再是一个与世无争之人,总是会蠢蠢欲动的。
朱标仿佛一切胜却在握的的样子,亲自剥了个鸡蛋递给了朱允熥。
“贸易公司并除了整合海贸之外,还是为收拢各方势力所用。”
“驸马大多没什么太高的官职,公主私下所掌握的不过就是几间铺子而已。”
“贸易公司一旦成立,将来还会与外商角逐,这看似好像能赚了钱,其实不过是个大火坑而已。”
“而且,公主们又不能自己管理这些股份,最终也得交于那些驸马们去管,驸马若是不只安分于赚些银子站在了不该站的队伍中,最终影响的也将还会是公主。”
“当年你皇爷爷为了拉拢那些宿将,让你大姑和韩国公儿子联了姻。”
“后来,韩国公犯案被杀了之后,你大姑一家都被流放到了江浦,为了这你皇爷爷一直都很愧疚。”
老朱本就是个重情之人,当初和李善长联姻是为了安定这些勋归们。
后来因政治考量诛杀了李善长,临安公主嫁到了李家那就是李家的人,虽说侥幸活了命但没落的日子肯定好过。
为了不让人生出些不必要的猜测,老朱尽管惦念着临安也不敢松口让临安公主回来,只能猜人私下里给予临安一些必要的帮扶。

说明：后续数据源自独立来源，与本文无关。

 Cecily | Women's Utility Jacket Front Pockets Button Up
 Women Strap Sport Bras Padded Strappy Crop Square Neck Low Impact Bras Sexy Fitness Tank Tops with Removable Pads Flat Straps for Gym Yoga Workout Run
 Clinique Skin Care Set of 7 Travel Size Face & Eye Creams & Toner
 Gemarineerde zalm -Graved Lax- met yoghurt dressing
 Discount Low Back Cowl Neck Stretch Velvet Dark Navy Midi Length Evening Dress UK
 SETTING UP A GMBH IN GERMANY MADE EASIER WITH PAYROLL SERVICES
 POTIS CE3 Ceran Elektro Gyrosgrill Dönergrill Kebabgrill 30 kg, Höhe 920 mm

顿了一下,朱标又道:“随着后面环境相对稳定了之后,你皇爷爷也不愿再让你姑姑们与那些勋戚文官联姻了,唯一希望的是她们都能过上安稳日子。”
“生在皇家能一生平平淡淡的并不容易,别让她们等事情不受控制了才后悔,贸易公司的事情你别让她们参与其中了。”
朱允熥倒不是怕应对那些公主们,只要朱标同意了,那一切便都没问题了。
“儿子明白了。”
朱标仍不放心,又道:“驸马手中权柄所占并不是很大,那也别和你那些姑姑们闹的太僵了。”

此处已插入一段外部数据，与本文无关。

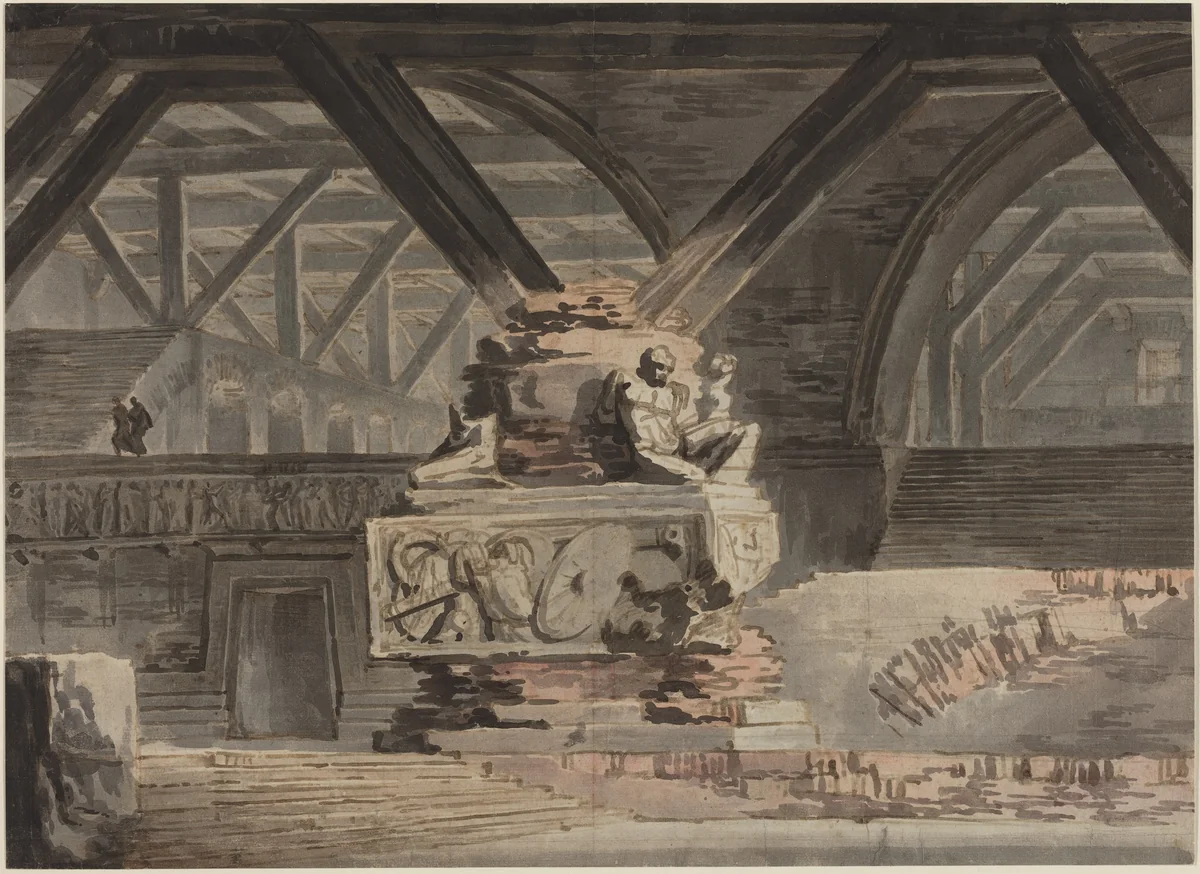 Stage Design: A Sepulchral Vault by Karl Friedrich Schinkel, drawing, 1820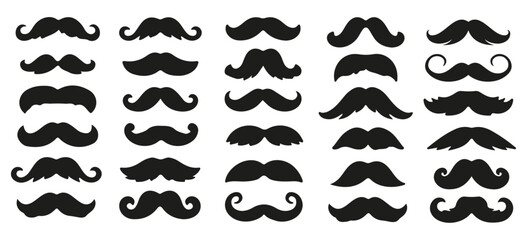 Set Of Mustache On White Background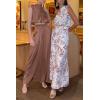 imagePRETTYGARDEN Womens 2 Piece Outfits 2025 Summer Casual Sleeveless Mock Neck Crop Tops Wide Leg Pants SetCoffee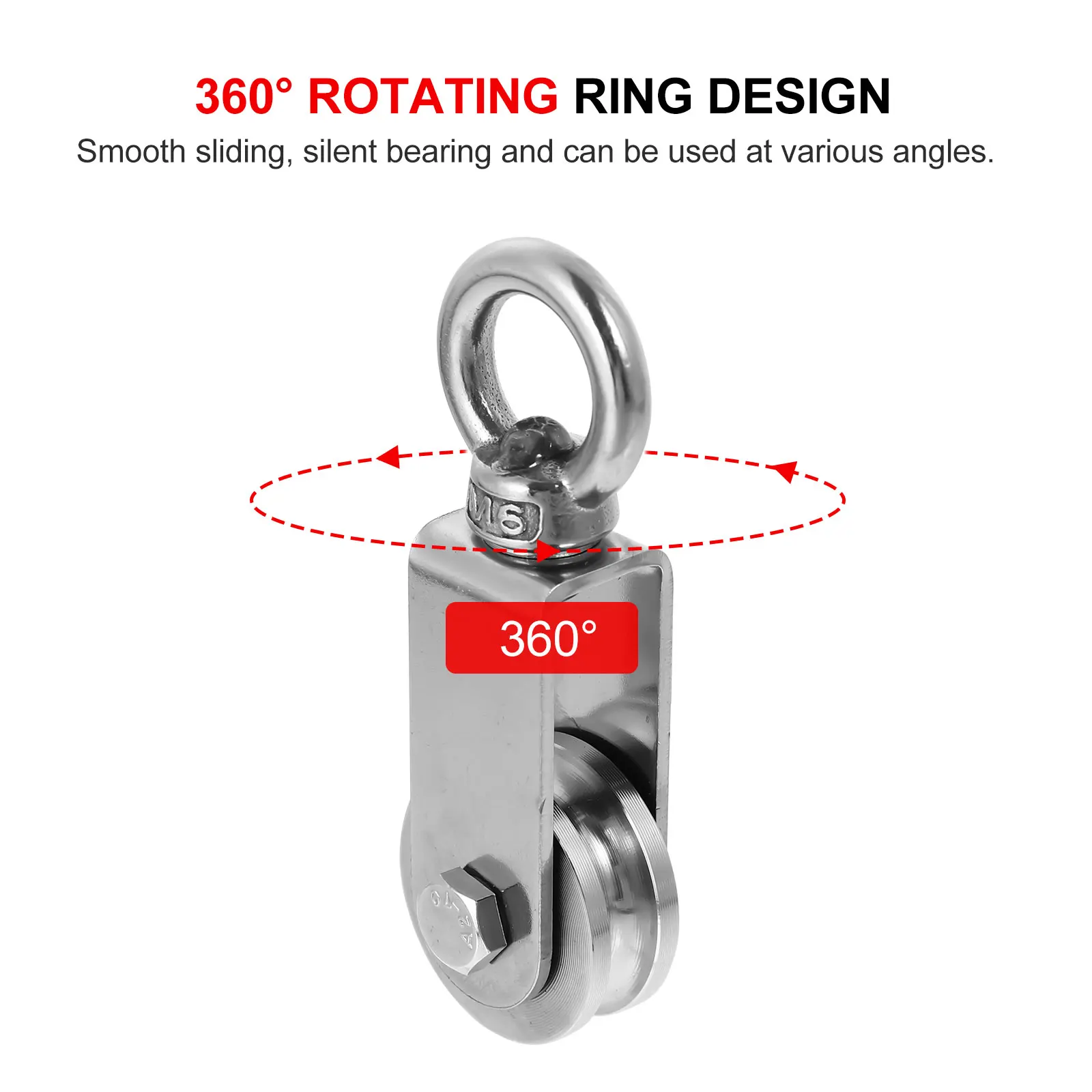 Ring Pulley Wear-Resistant 304 Stainless Steel Block Rope Track Cable U-Shaped 360 Degree Rotation Heavy Duty Traction Wheel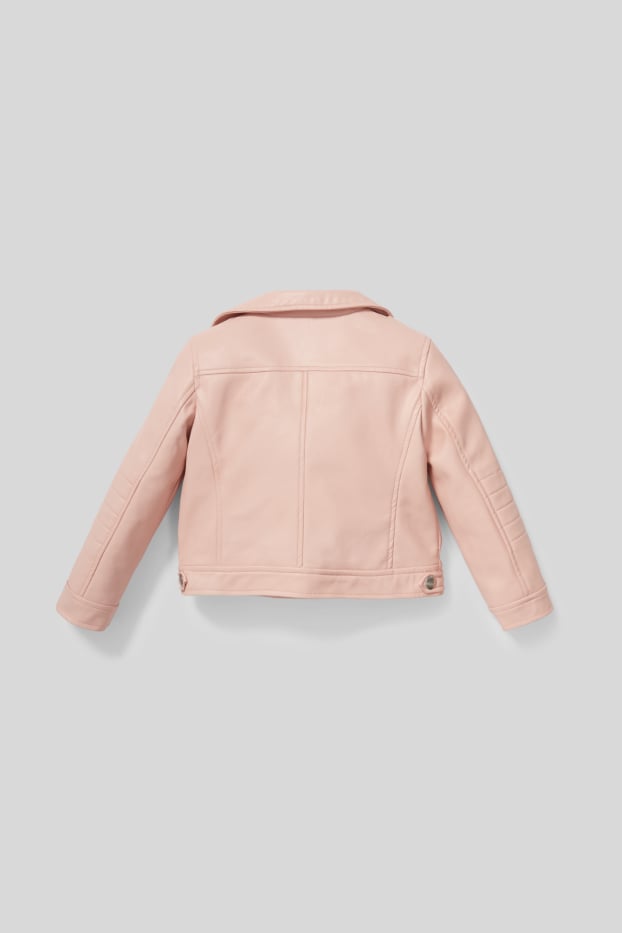 Children Girls - Biker jacket - faux leather - rose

就像朱标说的公主们手中权势并不是很大,她们就是联合起来也掀不起什么大浪来。
贸易公司的事情即便是不成,是那些公主们不敢与他太僵的。
“爹,韩国公的事情都过去这么久了,大姑一家在江浦待了那么久了,是不是也该让她们回来了?”
朱标为人本就宽和,他让临安回来只是出于兄妹间感情,倒也不会生起那么多不必要的猜测。
“孤和伱大姑说过这些,她说在江浦习惯了不愿再折腾了。”
“说到底,她心里疙瘩还在。”
朱标叹了口气后,深知其中无奈。
老朱是个外冷内热之人,他非常希望家里人都能好好的。
当初杀了李善长,让临安家破人亡也实属无奈之举。
李善长自诩大明立国文官之首,加上又是淮西之人,和文官武将的关系都非常好。
都已到了古稀之年仍还不主动退休,与百官私下保持着亲密无间的交往。
加上有了谋反之意的胡惟庸又是李善长的门生,师生早在大明还没立国的时候就已经非常亲近了。
这种情况下,老朱怎能再放任李善长。
看似老朱好像是不近人情,但老朱所做的每一步又何尝不是无奈之举。
当初,老朱也曾考虑绕刘伯温这个浙东出身之人去制衡淮西的那些文臣勋归。
但刘伯温太精明了,他一早就看出了老朱的这心思,无论怎么安排都轻易被他化解。
总之一句话,就是不做老朱的棋子。
其实,刘伯温尽管是淮西勋贵的眼中钉肉中刺,但以刘伯温的本事对付他们绰绰有余。
可惜,事与愿违。
朱允熥道:“大姑从小在京中长大,又哪是适应了江浦的生活不愿意回来,想要让他回来还在于化解了她的疙瘩。”
疙瘩起的时候容易,化的时候就难了。
当初李家遭难之时,临安也求过朱标。
但,李善长今年做的太过分,和勋贵文臣们牵连的太深了。
那些人聚在一起嫌老朱所给予的恩赐太少,好多人都抱怨过老朱的抠门,有的人甚至还说了大逆不道的言论。
李善长接受这些人在他家里说这些,本就已经犯了天大的忌讳。
老朱若再不以雷霆手段对此事做出镇压的话,那些不知道什么是怕的勋戚早晚得把他的牢骚变成了现实。
朱标为人是宽和谦逊,但他又不是真的柔弱。
他非常清楚一念良善放过李善长是非常容易,但就算那些勋戚起到镇守作用,将来现在所担心之事仍会发生。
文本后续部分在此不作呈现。